*** Opening of RECORDS FOR THIS EXERCISE ***

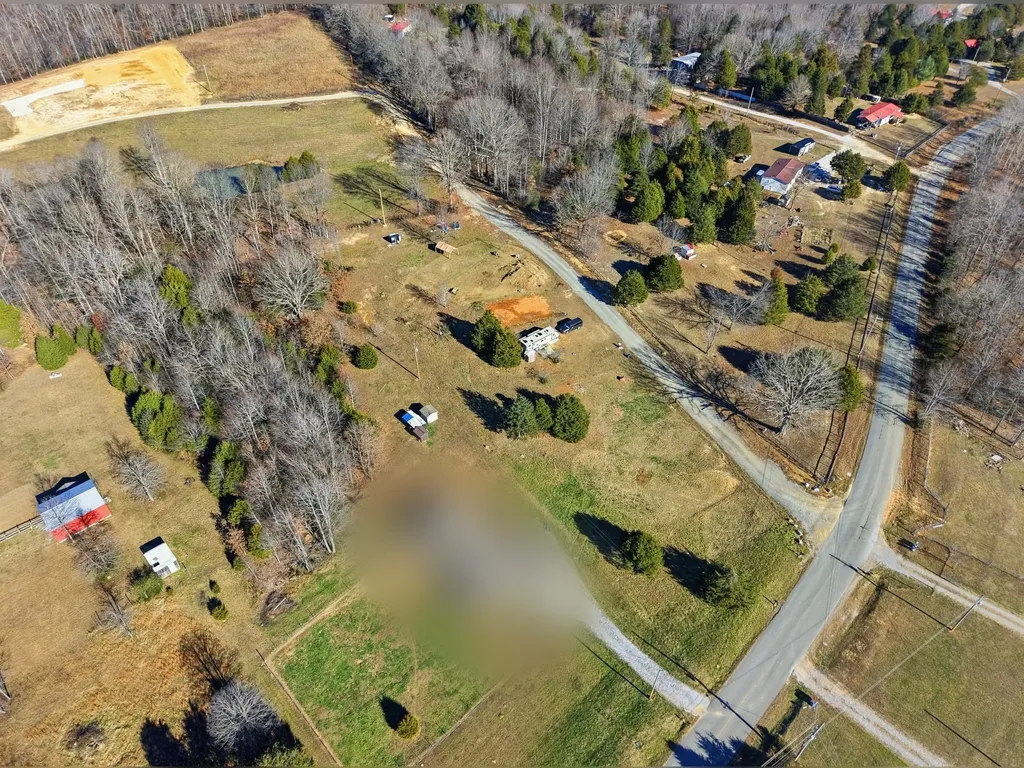 10688 Back Piney Road Bon Aqua TN 37025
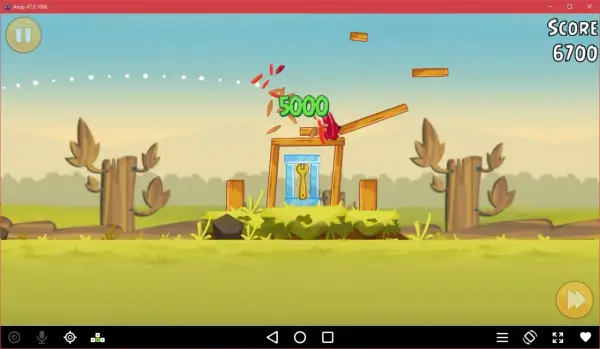Gra Angry Birds na emulatorze. Czerwony ptak niszczy konstrukcję, zdobywając 5000 punktów.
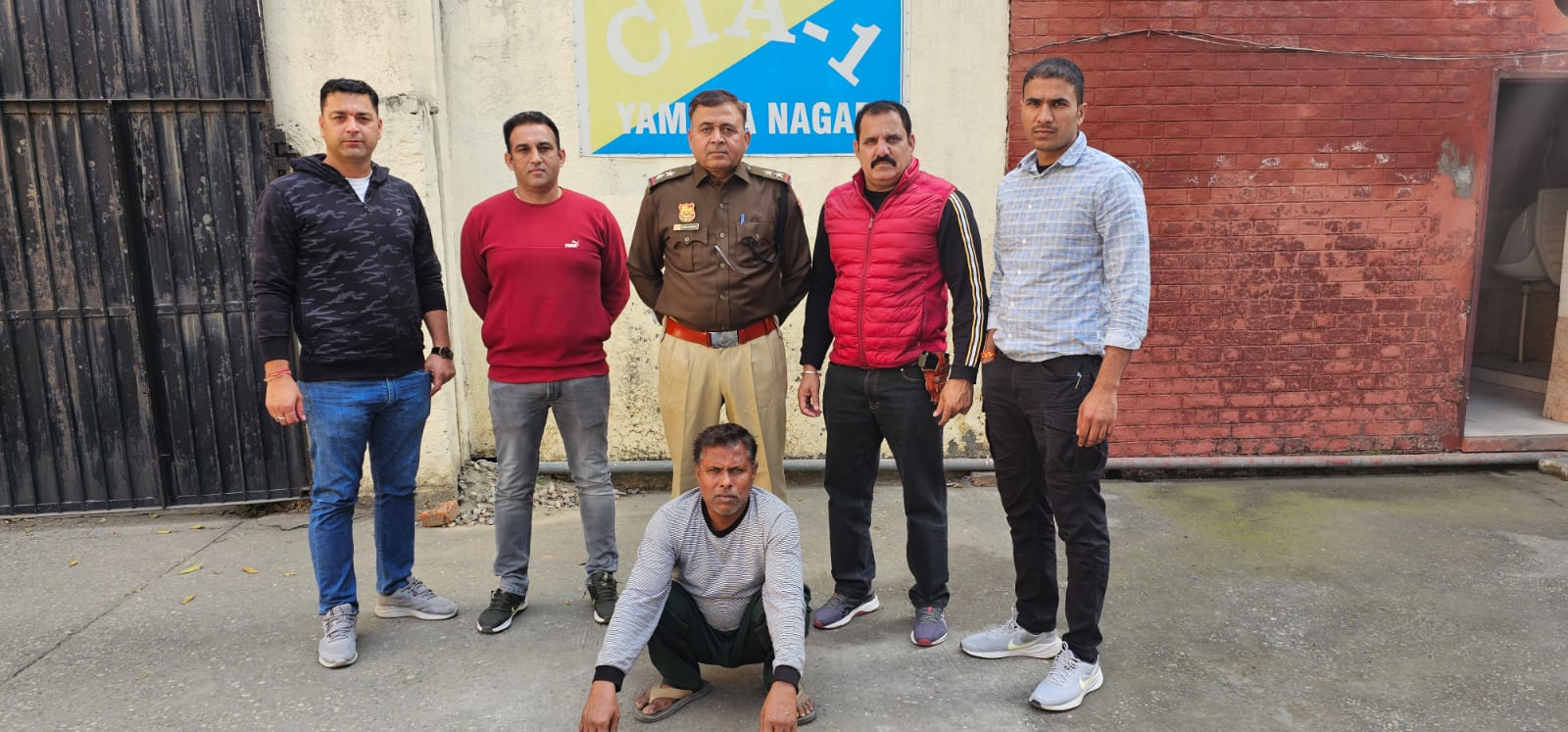 आरोपी पुलिस की गिरफ्त में आरोपी पुलिस की गिरफ्त में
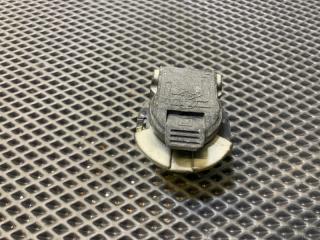 Фото запчасти розетка фаркопа Cadillac Escalade 2012 контрактная запчасть Запчасть розетка фаркопа Cadillac Escalade 2012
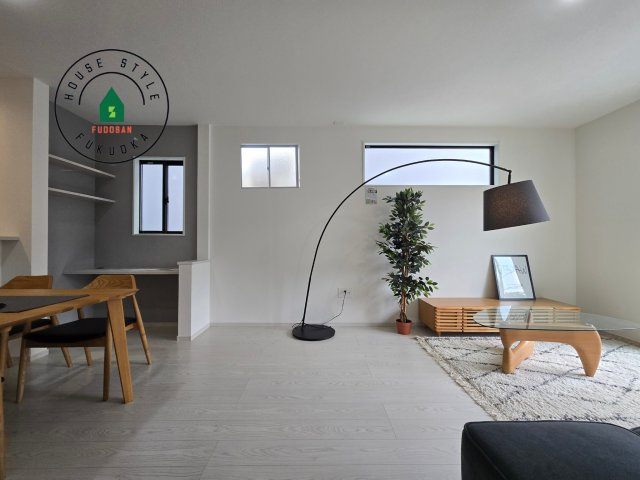 福岡市東区和白東4丁目第3-1棟（1号棟）の内観：施工例|ご家族を近くに感じられる対面キッチンのLDK。会話もはずみそうですね。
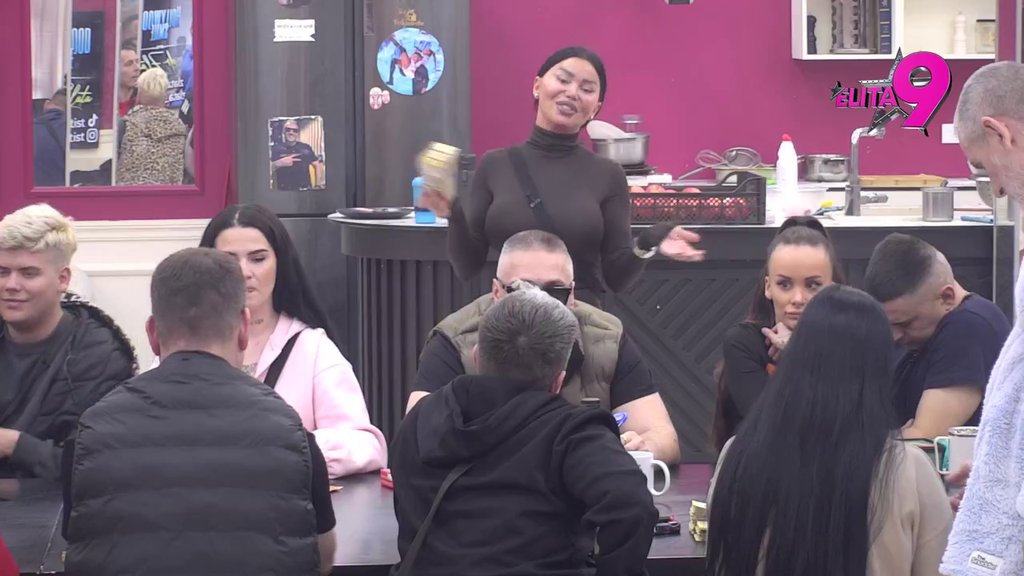 Mislim da te je sramota što imaš dete sa njom! Vanja Živić udarila najniže Aneli, Asmin je podržao u svemu! (VIDEO)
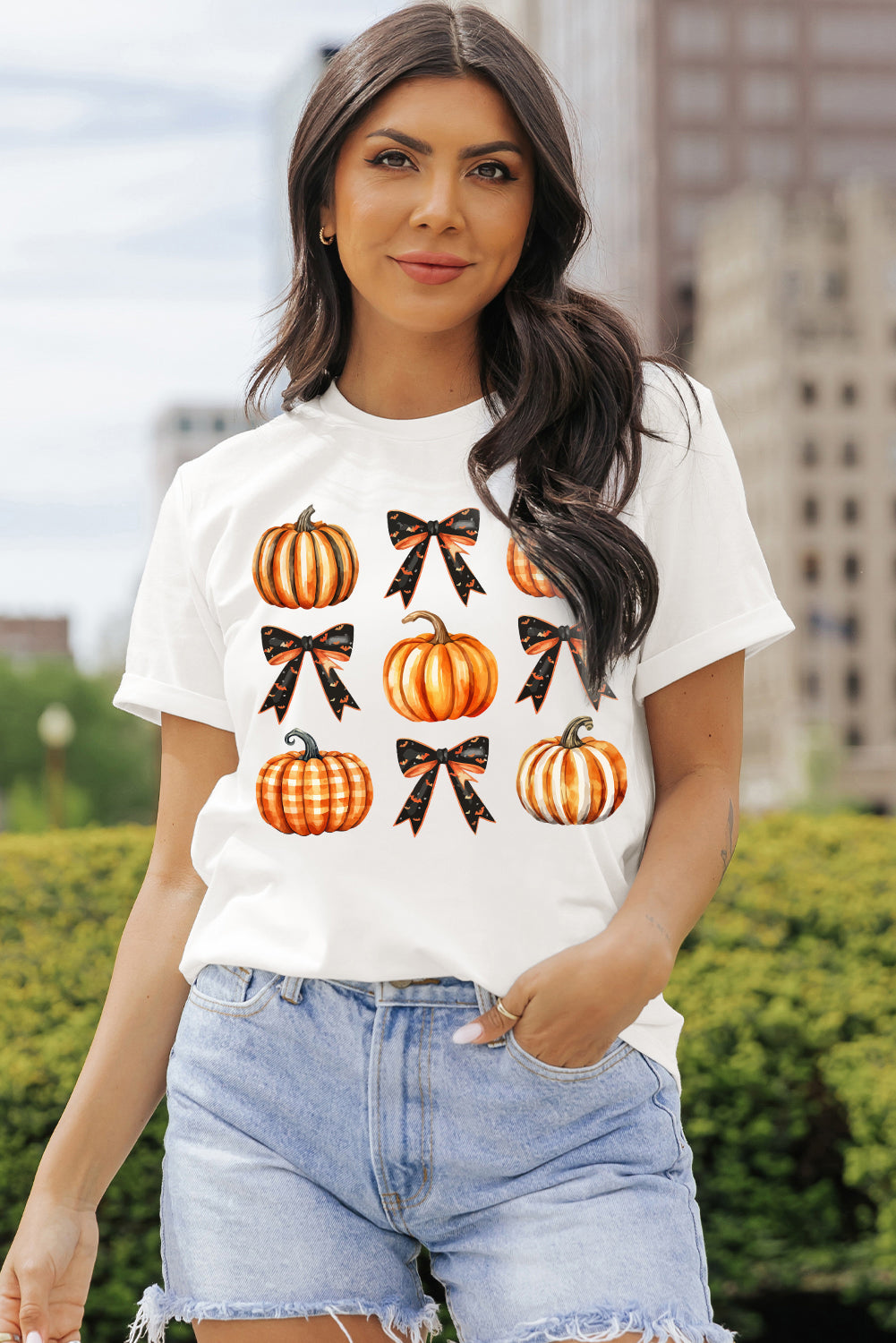 White Halloween Pumpkin Bow Knot Print Crew Neck Tee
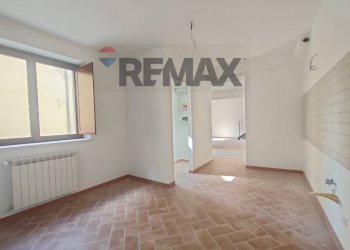 Stanza vuota - Casa semi indipendente VIALE RIMEMBRANZA
 
22, Fagnano Alto - foto 12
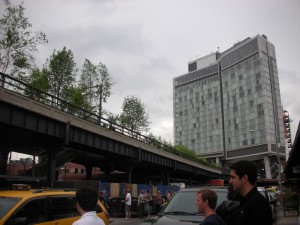 Line to enter the High Line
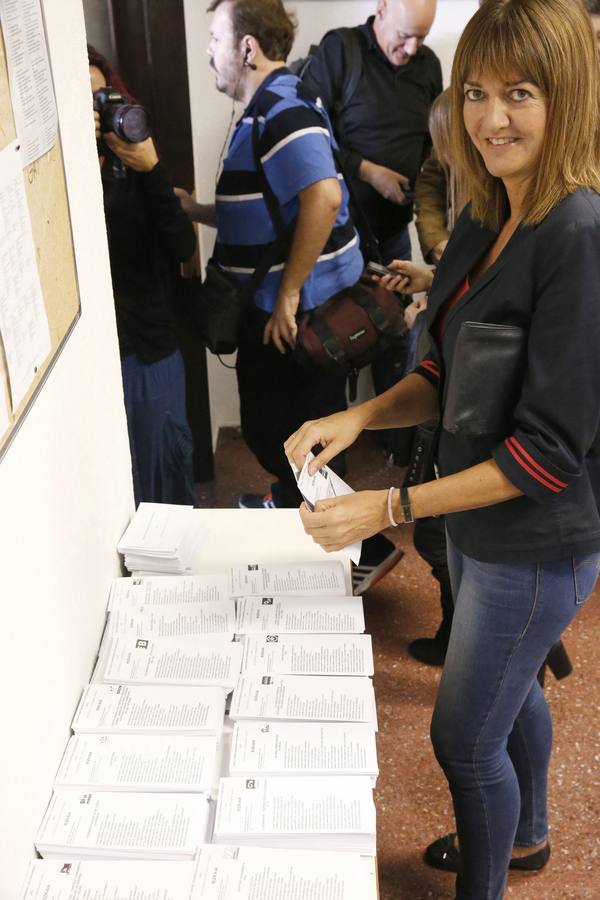 Idoia Mendia, candidata a lehendakari por el PSE, votando en el instituto Miguel de Unamuno en Bilbao.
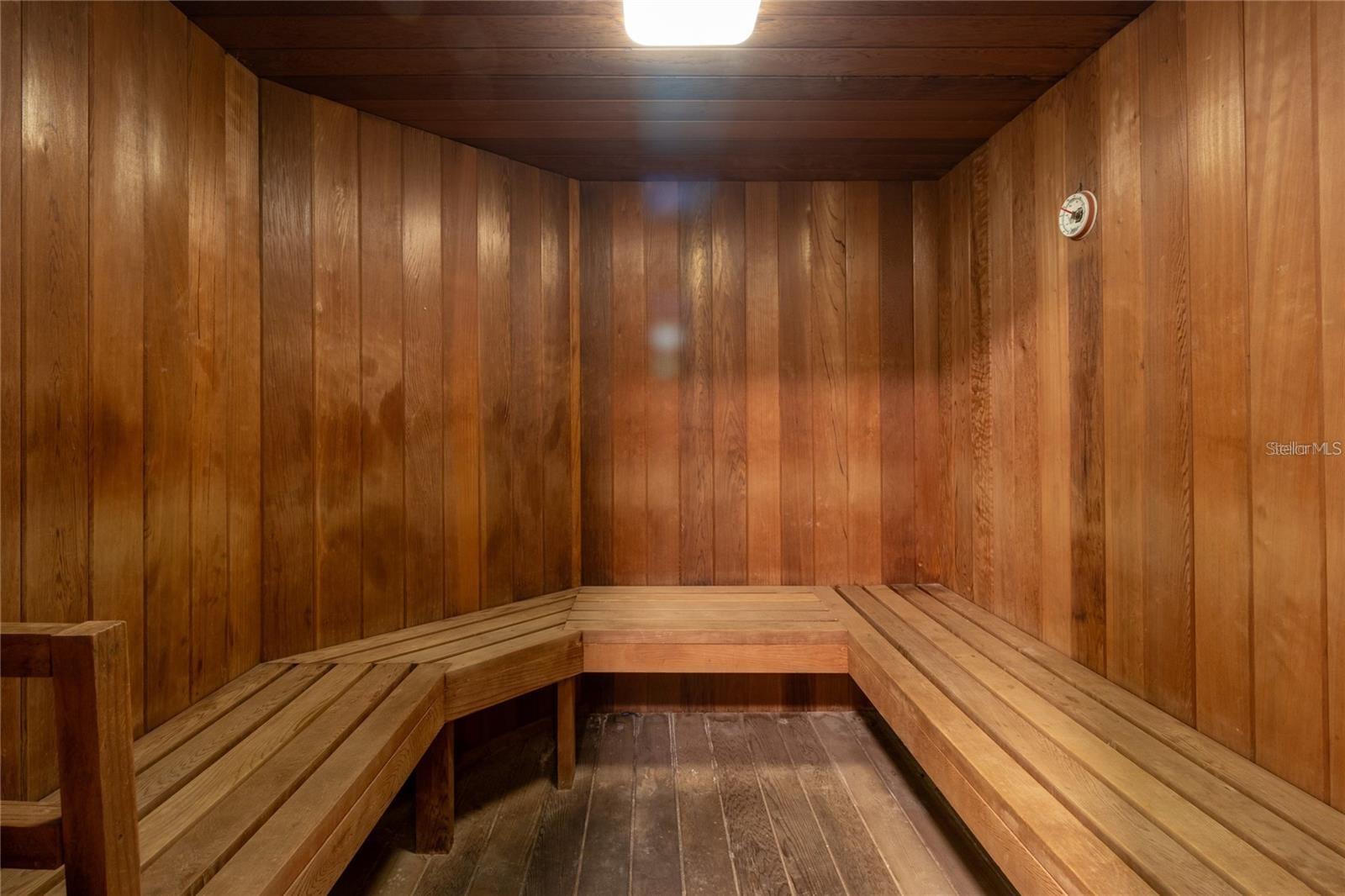 IRONWOOD FIFTEENTH - Residential Lease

*** Close of RECORDS FOR THIS EXERCISE ***

* _ACTIVITY_: Write the records out again verbatim and omit the pictures they contain.

* _FINAL ANSWER_:
 10688 Back Piney Road Bon Aqua TN 37025
Gra Angry Birds na emulatorze. Czerwony ptak niszczy konstrukcję, zdobywając 5000 punktów.
 आरोपी पुलिस की गिरफ्त में आरोपी पुलिस की गिरफ्त में
 Фото запчасти розетка фаркопа Cadillac Escalade 2012 контрактная запчасть Запчасть розетка фаркопа Cadillac Escalade 2012
 福岡市東区和白東4丁目第3-1棟（1号棟）の内観：施工例|ご家族を近くに感じられる対面キッチンのLDK。会話もはずみそうですね。
 Mislim da te je sramota što imaš dete sa njom! Vanja Živić udarila najniže Aneli, Asmin je podržao u svemu! (VIDEO)
 White Halloween Pumpkin Bow Knot Print Crew Neck Tee
 Stanza vuota - Casa semi indipendente VIALE RIMEMBRANZA
 
22, Fagnano Alto - foto 12
 Line to enter the High Line
 Idoia Mendia, candidata a lehendakari por el PSE, votando en el instituto Miguel de Unamuno en Bilbao.
 IRONWOOD FIFTEENTH - Residential Lease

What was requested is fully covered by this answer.